TASK DATA

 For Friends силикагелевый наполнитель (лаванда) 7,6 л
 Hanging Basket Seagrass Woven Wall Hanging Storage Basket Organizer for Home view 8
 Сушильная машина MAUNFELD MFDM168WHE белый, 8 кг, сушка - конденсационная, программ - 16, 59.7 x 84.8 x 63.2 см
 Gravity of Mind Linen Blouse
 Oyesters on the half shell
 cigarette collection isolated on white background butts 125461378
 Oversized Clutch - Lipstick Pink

WHAT IS NEEDED
Repeat exactly the lines starting at the line with "Сушильная машина MAUNFELD" and ending with the final line of the entries. Include nothing else.

RESULT
 Сушильная машина MAUNFELD MFDM168WHE белый, 8 кг, сушка - конденсационная, программ - 16, 59.7 x 84.8 x 63.2 см
 Gravity of Mind Linen Blouse
 Oyesters on the half shell
 cigarette collection isolated on white background butts 125461378
 Oversized Clutch - Lipstick Pink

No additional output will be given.